There are two main points about IRQ optimization. The first point is about interrupt merging. In the early days, the network adapter would trigger an interrupt every time it received a packet, and the number of interrupts triggered would become terrible if the volume of packets was very large. Most of the computing resources are devoted to handling interrupts, resulting in performance degradation. Later, NAPI and Newernewer NAPI features are introduced to reduce the number of interrupts and improve the processing efficiency after an interrupt is triggered by newer NAPI. The second point is IRQ affinity, which is similar to CPU affinity mentioned earlier. It binds different nic queue interrupt processing to a specified CPU core, which applies to the NIC with RSS feature.

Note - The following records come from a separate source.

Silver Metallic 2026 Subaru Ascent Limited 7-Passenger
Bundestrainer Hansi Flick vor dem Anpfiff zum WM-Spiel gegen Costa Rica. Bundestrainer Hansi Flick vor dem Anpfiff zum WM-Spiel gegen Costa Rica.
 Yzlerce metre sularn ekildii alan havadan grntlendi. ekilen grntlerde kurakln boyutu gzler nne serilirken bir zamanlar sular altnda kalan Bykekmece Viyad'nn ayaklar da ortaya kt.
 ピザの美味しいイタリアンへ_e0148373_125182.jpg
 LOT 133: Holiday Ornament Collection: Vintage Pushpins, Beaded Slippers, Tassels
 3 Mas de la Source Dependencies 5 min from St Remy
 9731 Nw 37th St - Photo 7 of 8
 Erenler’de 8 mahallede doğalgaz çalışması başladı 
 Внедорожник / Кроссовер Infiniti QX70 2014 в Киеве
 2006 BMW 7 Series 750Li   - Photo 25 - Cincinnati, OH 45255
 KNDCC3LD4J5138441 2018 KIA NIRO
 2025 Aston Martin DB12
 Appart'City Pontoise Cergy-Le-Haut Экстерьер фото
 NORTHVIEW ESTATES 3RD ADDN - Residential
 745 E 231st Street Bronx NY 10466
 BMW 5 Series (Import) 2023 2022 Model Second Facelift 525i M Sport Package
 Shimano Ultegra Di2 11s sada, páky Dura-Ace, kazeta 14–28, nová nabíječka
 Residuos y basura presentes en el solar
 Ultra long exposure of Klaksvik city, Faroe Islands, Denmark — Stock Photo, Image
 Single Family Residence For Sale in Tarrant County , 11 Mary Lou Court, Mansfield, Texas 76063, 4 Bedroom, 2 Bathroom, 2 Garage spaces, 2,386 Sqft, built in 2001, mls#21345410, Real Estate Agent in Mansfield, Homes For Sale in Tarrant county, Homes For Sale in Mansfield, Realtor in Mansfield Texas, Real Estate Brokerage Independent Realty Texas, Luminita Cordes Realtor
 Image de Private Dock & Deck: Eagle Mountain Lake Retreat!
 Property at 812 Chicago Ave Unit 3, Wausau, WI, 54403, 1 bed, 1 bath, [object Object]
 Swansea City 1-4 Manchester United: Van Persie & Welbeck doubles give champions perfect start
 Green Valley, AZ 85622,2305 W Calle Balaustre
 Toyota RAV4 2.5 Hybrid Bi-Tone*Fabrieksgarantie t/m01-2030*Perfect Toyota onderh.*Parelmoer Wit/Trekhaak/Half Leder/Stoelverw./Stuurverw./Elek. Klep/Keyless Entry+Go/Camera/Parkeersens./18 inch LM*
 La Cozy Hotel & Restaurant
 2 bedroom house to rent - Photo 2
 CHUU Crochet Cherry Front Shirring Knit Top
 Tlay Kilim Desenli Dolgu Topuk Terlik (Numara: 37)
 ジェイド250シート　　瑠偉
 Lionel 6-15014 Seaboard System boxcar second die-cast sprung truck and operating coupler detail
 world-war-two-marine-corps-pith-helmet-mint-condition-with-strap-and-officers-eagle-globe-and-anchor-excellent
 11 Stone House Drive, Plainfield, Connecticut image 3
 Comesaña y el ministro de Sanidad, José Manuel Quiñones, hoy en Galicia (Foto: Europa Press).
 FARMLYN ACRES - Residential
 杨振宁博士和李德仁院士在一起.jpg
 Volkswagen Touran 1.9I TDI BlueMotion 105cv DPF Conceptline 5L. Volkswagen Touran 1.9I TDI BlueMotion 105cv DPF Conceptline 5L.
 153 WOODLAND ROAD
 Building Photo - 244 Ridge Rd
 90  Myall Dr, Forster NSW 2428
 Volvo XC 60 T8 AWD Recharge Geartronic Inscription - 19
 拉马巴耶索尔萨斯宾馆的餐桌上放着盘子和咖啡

TSO: Ethernet MTU is usually 1500, minus TCP/IP header. TCP MaxSegment Size is 1460. Generally, the protocol stack segments the TCPPayload greater than 1460 to ensure that the IP packet generated at the end does not exceed the MTU size. For nics that support TSO/GSO, the protocol stack does not need to do this. Larger TCPPayloads can be sent to the NIC driver for packet encapsulation. In this way, the computing offload required on the CPU is transferred to the network card, further improving the overall performance. GSO is an upgraded version of TSO and is not limited to TCP. The working path of LRO and TSO is just opposite. When receiving small packets frequently, each small packet should be transmitted to the protocol stack, and multiple TCPPayload packets should be combined and then transmitted to the protocol stack, so as to improve the processing efficiency of the protocol stack. GRO is an updated version of LRO that addresses some of the problems with LRO. These features can be used only in certain scenarios. If you do not know your requirements, enabling these features may degrade performance.

4.4 Kernel optimization

The main Kernel network parameters are adjusted in the following two parts: net.ipv4.* parameter and net.core.* parameter.

It is mainly used to adjust some timeout control and cache, etc. Through search engines, we can easily find articles on the tuning of these parameters. However, it is recommended to read kernel documents in detail and do more tests to verify whether modifying these parameters can improve performance or have any disadvantages.